Wordcab Transcribe 💬

FastAPI based API for transcribing audio files using faster-whisper and NVIDIA NeMo

More details on this project on this blog post.

Key features

🤗 Open-source: Our project is open-source and based on open-source libraries, allowing you to customize and extend it as needed.
⚡ Fast: The faster-whisper library and CTranslate2 make audio processing incredibly fast compared to other implementations.
🐳 Easy to deploy: You can deploy the project on your workstation or in the cloud using Docker.
🔥 Batch requests: You can transcribe multiple audio files at once because batch requests are implemented in the API.
💸 Cost-effective: As an open-source solution, you won't have to pay for costly ASR platforms.
🫶 Easy-to-use API: With just a few lines of code, you can use the API to transcribe audio files or even YouTube videos.

Requirements

Linux (tested on Ubuntu Server 22.04)
Python 3.9
Docker
NVIDIA GPU + NVIDIA Container Toolkit

To learn more about the prerequisites to run the API, check out the Prerequisites section of the blog post.

Docker commands

Build the image.

docker build -t wordcab-transcribe:latest .

Run the container.

docker run -d --name wordcab-transcribe \
    --gpus all \
    --shm-size 1g \
    --restart unless-stopped \
    -p 5001:5001 \
    -v ~/.cache:/root/.cache \
    wordcab-transcribe:latest

You can mount a volume to the container to load local whisper models.

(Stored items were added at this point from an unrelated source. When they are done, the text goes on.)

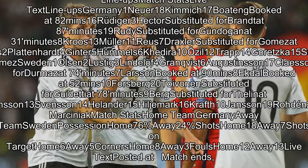Germany substitutes: 2 Platenhardt, 4 Ginter, 5 Hummels, 6 Khedira, 10 Özil, 12 Trapp, 14 Goretzka, 15 Füllkrug, 20 Brandt, 21 Gündogan, 22 Ter Stegen, 23 Gomez.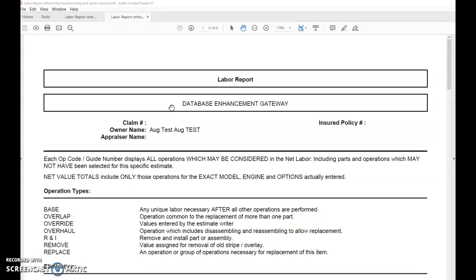Today in this video, I'm going to show you a little trick with Auditex and show you the impacts of not having the correct accessories and options selected when decoding the VIN on the estimate when reviewing a labor report.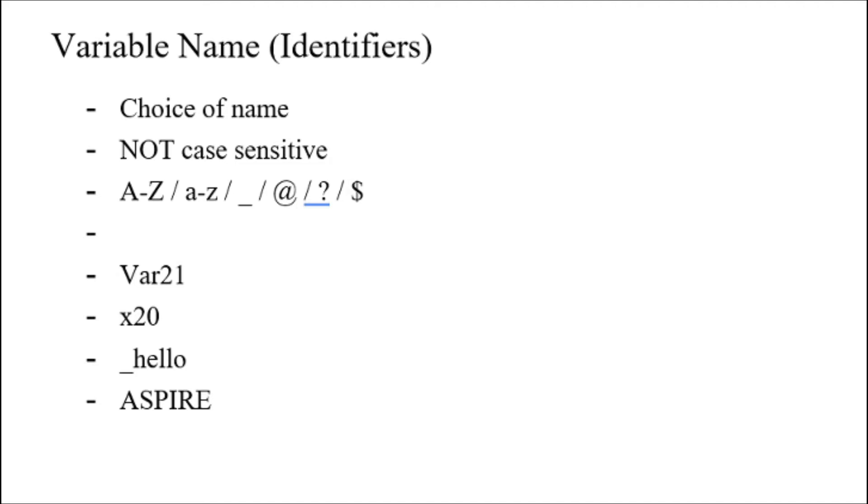Welcome back. Today we will be talking about identifiers. Basically, identifiers are just variable names. They call it identifiers in assembly language. Variable names identify the choice of name of a variable.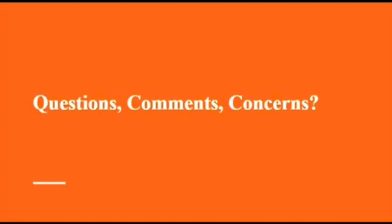Does the audience have any questions, comments, or concerns? Thank you so much for listening to my presentation.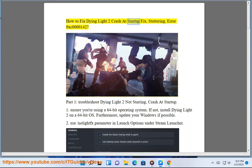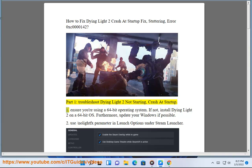How to Fix Dying Light 2 Crash at Startup, Stuttering, Error 0xc0000142 — Troubleshoot Dying Light 2 Not Starting, Crash at Startup.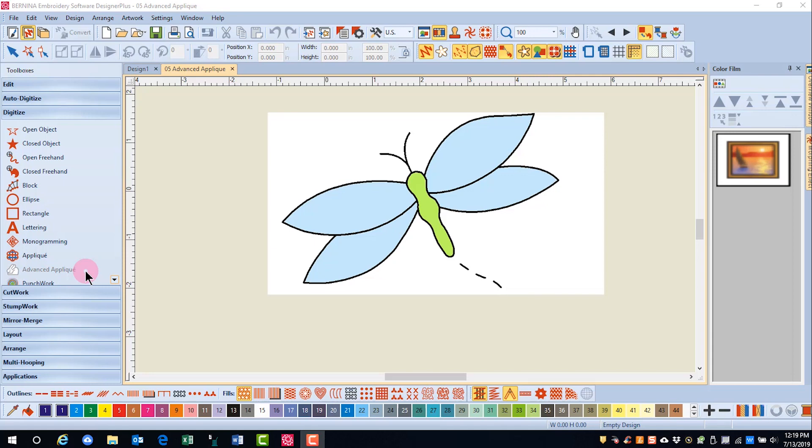The Advanced applique tool can be used in conjunction with the Open Object tool to create more complicated applique designs. For instance, you may want to add detail lines that pass through or on top of an applique object.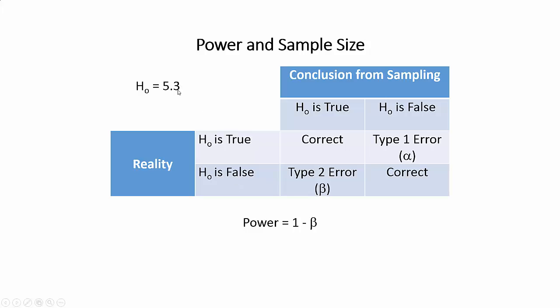And that hypothesis is either in reality it's true, or it's false. So what we do is we go out and we take some samples, and then based on some samples that we take, we make a decision. Is that null hypothesis true, or is that null hypothesis false? So we have two things. We have the reality, and we have the conclusions from our sampling.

If you mount a volume, you need to update the WHISPER_MODEL environment variable in the .env file.

docker run -d --name wordcab-transcribe \
    --gpus all \
    --shm-size 1g \
    --restart unless-stopped \
    -p 5001:5001 \
    -v ~/.cache:/root/.cache \
    -v /path/to/whisper/models:/app/whisper/models \
    wordcab-transcribe:latest

You can simply enter the container using the following command:

docker exec -it wordcab-transcribe /bin/bash

This is useful to check everything is working as expected.

⏱️ Profile the API

You can profile the process executions using py-spy as a profiler.

# Launch the container with the cap-add=SYS_PTRACE option
docker run -d --name wordcab-transcribe \
    --gpus all \
    --shm-size 1g \
    --restart unless-stopped \
    --cap-add=SYS_PTRACE \
    -p 5001:5001 \
    -v ~/.cache:/root/.cache \
    wordcab-transcribe:latest

# Enter the container
docker exec -it wordcab-transcribe /bin/bash

# Install py-spy
pip install py-spy

# Find the PID of the process to profile
top  # 28 for example

# Run the profiler
py-spy record --pid 28 --format speedscope -o profile.speedscope.json

# Launch any task on the API to generate some profiling data

# Exit the container and copy the generated file to your local machine
exit
docker cp wordcab-transcribe:/app/profile.speedscope.json profile.speedscope.json

# Go to https://www.speedscope.app/ and upload the file to visualize the profile

Test the API

Once the container is running, you can test the API.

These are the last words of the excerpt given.